== Work required ==
Print a faithful copy of the data below, word for word, with the pictures left out.

Caption-style text data:
Segment Open

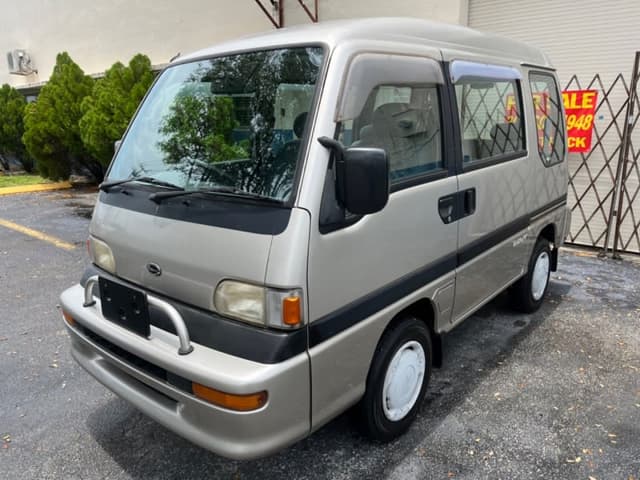 1998 Subaru Sambar JDM car for sale — photo 3 of 21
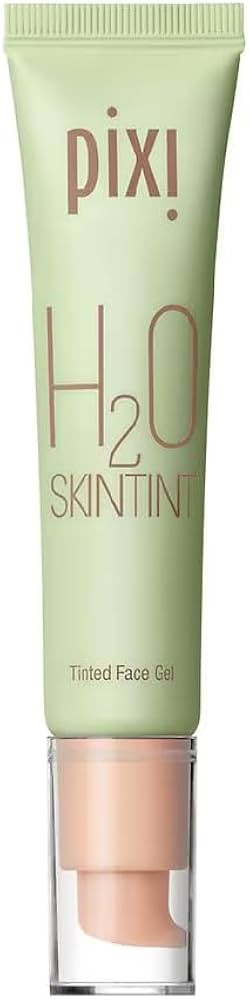 Pixi Beauty H20 SkinTint Tinted Face Gel, 1.2 fl oz / 35 ml, Vanilla | Amazon (US)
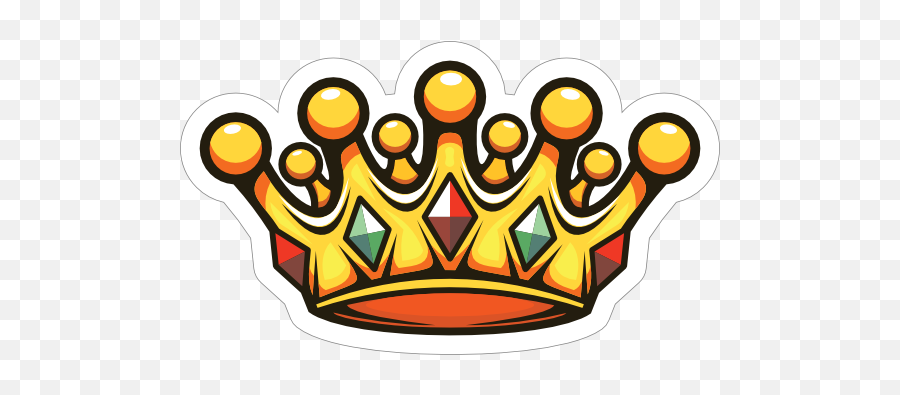 Cartoon Crown - Crowns Cartoon Emoji,Cartoon Crown Png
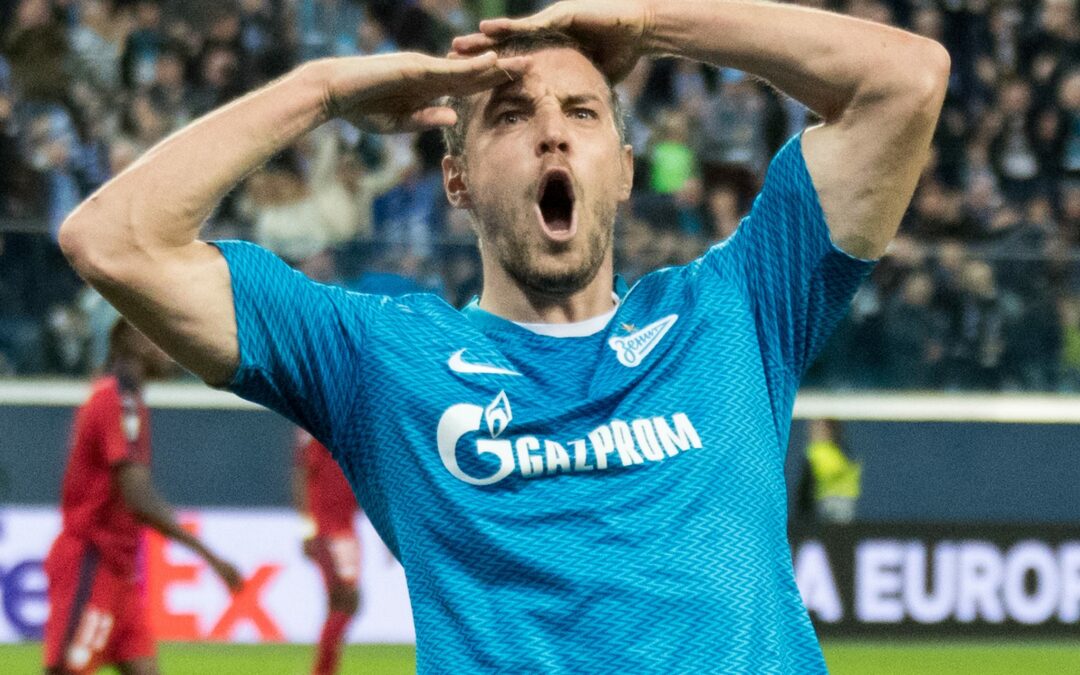 dzyuba zenit san pietroburgo russia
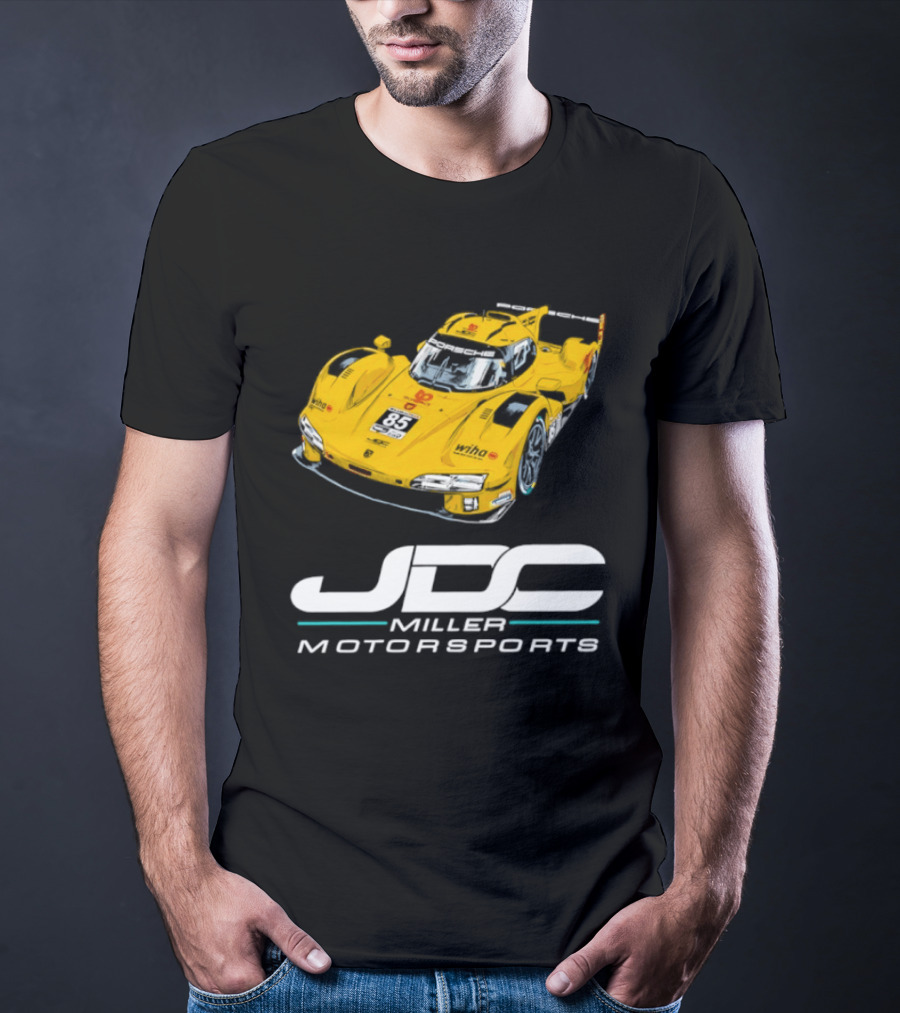 JDC Miller Motorsports Racing Car T-Shirt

Segment Closed

== Answer box ==
 1998 Subaru Sambar JDM car for sale — photo 3 of 21
 Pixi Beauty H20 SkinTint Tinted Face Gel, 1.2 fl oz / 35 ml, Vanilla | Amazon (US)
 Cartoon Crown - Crowns Cartoon Emoji,Cartoon Crown Png
 dzyuba zenit san pietroburgo russia
 JDC Miller Motorsports Racing Car T-Shirt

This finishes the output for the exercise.